:: Goal of the exercise ::
The stretch from the line with "Quinceanera Dresses by" through the line with "X0000073420777200608041023" in the records below: write it out exactly, and nothing else.

:: Crawled caption data ::
↓

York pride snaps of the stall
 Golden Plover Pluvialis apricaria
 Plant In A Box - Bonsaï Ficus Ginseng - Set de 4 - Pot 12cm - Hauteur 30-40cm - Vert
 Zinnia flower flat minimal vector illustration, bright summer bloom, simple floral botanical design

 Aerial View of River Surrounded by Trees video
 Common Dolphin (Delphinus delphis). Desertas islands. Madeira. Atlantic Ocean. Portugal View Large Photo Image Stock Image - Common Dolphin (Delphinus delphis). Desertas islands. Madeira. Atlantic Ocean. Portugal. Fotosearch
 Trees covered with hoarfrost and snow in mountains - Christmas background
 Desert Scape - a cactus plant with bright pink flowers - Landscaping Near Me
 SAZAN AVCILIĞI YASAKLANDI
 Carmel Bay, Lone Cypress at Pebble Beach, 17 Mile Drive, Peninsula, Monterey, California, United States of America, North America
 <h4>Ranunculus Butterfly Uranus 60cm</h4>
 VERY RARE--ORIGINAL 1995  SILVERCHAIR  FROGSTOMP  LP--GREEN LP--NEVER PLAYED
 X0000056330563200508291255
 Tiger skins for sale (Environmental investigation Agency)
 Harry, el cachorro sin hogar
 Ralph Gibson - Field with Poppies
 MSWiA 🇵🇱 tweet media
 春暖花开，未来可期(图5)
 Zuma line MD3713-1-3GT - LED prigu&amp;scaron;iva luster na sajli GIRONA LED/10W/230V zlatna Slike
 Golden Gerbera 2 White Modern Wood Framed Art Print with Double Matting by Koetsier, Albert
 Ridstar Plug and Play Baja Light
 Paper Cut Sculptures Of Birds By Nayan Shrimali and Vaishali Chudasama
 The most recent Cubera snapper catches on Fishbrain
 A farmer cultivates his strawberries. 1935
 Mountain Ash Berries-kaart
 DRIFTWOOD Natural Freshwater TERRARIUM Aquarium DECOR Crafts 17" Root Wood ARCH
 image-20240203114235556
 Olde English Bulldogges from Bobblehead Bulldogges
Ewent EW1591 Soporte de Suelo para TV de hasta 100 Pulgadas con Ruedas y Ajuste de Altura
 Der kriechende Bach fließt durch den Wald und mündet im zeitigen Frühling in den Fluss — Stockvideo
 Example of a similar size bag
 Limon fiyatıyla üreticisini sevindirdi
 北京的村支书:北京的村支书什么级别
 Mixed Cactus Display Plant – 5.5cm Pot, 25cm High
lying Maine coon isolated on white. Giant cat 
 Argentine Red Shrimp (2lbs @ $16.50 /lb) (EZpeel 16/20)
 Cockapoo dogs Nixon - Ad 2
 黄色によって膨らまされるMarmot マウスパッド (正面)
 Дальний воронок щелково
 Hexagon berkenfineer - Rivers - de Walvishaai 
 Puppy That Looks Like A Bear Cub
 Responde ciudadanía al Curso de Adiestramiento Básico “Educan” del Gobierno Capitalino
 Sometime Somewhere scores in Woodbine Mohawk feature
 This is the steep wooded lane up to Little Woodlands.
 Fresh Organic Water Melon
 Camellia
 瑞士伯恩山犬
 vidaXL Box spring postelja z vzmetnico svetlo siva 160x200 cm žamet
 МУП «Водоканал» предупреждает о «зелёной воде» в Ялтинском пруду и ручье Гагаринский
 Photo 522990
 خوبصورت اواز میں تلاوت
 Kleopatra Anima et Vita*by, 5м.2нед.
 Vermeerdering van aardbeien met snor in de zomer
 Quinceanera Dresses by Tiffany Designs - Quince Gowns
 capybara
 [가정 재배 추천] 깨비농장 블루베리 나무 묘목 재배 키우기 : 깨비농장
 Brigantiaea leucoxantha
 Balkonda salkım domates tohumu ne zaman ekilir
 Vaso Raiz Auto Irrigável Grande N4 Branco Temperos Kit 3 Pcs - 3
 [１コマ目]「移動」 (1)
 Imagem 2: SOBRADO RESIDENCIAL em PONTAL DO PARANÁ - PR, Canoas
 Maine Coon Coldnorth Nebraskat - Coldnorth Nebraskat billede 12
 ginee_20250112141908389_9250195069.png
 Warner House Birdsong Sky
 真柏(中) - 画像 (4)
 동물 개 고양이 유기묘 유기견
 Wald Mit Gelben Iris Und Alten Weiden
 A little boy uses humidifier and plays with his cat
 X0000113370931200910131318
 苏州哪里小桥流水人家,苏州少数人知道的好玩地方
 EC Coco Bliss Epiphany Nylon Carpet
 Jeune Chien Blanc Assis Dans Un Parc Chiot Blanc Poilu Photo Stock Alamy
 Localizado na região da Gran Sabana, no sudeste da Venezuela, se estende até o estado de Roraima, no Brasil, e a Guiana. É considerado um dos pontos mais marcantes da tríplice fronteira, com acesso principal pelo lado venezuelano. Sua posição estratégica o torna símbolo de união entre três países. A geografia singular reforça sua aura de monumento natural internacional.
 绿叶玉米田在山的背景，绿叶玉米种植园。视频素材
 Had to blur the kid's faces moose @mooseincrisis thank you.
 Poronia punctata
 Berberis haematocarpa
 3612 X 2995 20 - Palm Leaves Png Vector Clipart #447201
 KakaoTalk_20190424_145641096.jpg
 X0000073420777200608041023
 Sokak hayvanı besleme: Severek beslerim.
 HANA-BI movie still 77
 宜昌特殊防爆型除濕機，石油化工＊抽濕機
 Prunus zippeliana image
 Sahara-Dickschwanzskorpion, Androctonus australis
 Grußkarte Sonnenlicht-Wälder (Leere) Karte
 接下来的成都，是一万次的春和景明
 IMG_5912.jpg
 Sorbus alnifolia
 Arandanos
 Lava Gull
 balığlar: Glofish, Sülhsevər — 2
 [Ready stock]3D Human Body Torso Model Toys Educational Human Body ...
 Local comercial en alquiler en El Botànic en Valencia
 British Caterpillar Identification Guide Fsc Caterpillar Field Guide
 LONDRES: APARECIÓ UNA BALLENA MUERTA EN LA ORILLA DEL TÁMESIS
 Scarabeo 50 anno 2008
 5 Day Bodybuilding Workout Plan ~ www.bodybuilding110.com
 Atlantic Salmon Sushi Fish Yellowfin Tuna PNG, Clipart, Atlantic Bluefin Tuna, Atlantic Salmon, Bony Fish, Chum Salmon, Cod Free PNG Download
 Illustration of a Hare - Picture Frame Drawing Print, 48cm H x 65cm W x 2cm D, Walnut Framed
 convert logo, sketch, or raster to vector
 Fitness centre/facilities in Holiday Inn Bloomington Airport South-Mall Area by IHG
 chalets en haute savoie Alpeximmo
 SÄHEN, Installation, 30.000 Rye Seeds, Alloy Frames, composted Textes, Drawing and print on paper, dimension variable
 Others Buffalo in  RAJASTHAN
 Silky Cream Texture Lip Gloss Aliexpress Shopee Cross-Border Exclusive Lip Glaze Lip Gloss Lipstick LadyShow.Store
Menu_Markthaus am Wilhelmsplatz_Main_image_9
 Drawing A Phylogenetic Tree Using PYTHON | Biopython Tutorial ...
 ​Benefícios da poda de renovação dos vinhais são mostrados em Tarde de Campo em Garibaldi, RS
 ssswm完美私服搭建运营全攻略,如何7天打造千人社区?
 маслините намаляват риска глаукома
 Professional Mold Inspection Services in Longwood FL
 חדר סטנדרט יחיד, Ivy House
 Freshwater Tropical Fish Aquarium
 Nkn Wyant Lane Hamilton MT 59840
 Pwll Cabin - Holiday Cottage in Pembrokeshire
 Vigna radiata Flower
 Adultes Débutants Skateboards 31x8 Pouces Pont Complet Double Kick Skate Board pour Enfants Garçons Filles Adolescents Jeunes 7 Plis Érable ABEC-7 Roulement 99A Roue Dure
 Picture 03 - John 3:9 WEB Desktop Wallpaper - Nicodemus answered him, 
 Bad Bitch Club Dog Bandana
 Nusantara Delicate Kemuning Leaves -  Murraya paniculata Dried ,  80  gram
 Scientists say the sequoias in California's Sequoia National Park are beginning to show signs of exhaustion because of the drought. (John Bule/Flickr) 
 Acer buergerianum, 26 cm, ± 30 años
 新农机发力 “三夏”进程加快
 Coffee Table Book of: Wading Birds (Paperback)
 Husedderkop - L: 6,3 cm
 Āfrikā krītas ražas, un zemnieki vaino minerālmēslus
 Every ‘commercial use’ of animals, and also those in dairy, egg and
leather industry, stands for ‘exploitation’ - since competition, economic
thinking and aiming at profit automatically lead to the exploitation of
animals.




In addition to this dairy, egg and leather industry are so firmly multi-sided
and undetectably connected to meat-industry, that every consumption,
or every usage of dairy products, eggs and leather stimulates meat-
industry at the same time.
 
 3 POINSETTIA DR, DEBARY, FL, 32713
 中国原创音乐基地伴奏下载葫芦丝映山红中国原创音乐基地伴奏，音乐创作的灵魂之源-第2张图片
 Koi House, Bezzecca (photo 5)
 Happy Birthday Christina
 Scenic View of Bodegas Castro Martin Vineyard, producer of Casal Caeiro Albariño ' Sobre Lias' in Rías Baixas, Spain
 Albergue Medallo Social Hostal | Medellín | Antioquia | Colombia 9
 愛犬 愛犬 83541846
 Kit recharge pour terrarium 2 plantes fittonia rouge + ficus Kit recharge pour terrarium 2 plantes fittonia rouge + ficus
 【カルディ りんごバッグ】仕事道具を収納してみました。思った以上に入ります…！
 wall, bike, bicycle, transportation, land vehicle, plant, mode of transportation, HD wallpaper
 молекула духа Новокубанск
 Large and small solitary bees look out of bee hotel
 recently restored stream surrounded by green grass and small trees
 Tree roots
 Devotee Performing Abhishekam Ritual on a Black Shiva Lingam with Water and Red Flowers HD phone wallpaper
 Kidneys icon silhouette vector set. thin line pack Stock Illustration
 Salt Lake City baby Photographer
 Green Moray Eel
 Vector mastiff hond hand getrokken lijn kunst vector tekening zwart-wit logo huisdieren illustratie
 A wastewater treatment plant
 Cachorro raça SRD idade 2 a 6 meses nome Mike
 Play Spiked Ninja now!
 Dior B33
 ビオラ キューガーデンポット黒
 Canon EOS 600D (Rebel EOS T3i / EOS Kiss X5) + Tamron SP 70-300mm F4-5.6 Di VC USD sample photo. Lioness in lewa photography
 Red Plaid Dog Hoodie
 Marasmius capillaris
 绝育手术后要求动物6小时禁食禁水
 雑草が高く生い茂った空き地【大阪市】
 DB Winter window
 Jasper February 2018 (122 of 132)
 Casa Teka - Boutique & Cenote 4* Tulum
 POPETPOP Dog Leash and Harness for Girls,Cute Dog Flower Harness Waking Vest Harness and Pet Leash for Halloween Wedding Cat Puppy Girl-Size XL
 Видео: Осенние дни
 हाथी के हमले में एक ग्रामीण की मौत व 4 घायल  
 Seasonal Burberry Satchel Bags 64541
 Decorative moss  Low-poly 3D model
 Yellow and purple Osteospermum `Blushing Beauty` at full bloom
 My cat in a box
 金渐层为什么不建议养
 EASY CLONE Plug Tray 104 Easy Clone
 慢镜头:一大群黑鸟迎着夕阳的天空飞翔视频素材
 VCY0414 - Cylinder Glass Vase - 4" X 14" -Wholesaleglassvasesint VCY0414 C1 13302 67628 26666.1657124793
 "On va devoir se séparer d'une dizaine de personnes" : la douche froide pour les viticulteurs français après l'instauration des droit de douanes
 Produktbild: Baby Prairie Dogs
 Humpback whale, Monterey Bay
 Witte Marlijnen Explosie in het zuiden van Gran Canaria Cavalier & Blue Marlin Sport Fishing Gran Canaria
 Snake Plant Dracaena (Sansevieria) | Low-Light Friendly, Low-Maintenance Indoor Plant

↑

:: Result ::
 Quinceanera Dresses by Tiffany Designs - Quince Gowns
 capybara
 [가정 재배 추천] 깨비농장 블루베리 나무 묘목 재배 키우기 : 깨비농장
 Brigantiaea leucoxantha
 Balkonda salkım domates tohumu ne zaman ekilir
 Vaso Raiz Auto Irrigável Grande N4 Branco Temperos Kit 3 Pcs - 3
 [１コマ目]「移動」 (1)
 Imagem 2: SOBRADO RESIDENCIAL em PONTAL DO PARANÁ - PR, Canoas
 Maine Coon Coldnorth Nebraskat - Coldnorth Nebraskat billede 12
 ginee_20250112141908389_9250195069.png
 Warner House Birdsong Sky
 真柏(中) - 画像 (4)
 동물 개 고양이 유기묘 유기견
 Wald Mit Gelben Iris Und Alten Weiden
 A little boy uses humidifier and plays with his cat
 X0000113370931200910131318
 苏州哪里小桥流水人家,苏州少数人知道的好玩地方
 EC Coco Bliss Epiphany Nylon Carpet
 Jeune Chien Blanc Assis Dans Un Parc Chiot Blanc Poilu Photo Stock Alamy
 Localizado na região da Gran Sabana, no sudeste da Venezuela, se estende até o estado de Roraima, no Brasil, e a Guiana. É considerado um dos pontos mais marcantes da tríplice fronteira, com acesso principal pelo lado venezuelano. Sua posição estratégica o torna símbolo de união entre três países. A geografia singular reforça sua aura de monumento natural internacional.
 绿叶玉米田在山的背景，绿叶玉米种植园。视频素材
 Had to blur the kid's faces moose @mooseincrisis thank you.
 Poronia punctata
 Berberis haematocarpa
 3612 X 2995 20 - Palm Leaves Png Vector Clipart #447201
 KakaoTalk_20190424_145641096.jpg
 X0000073420777200608041023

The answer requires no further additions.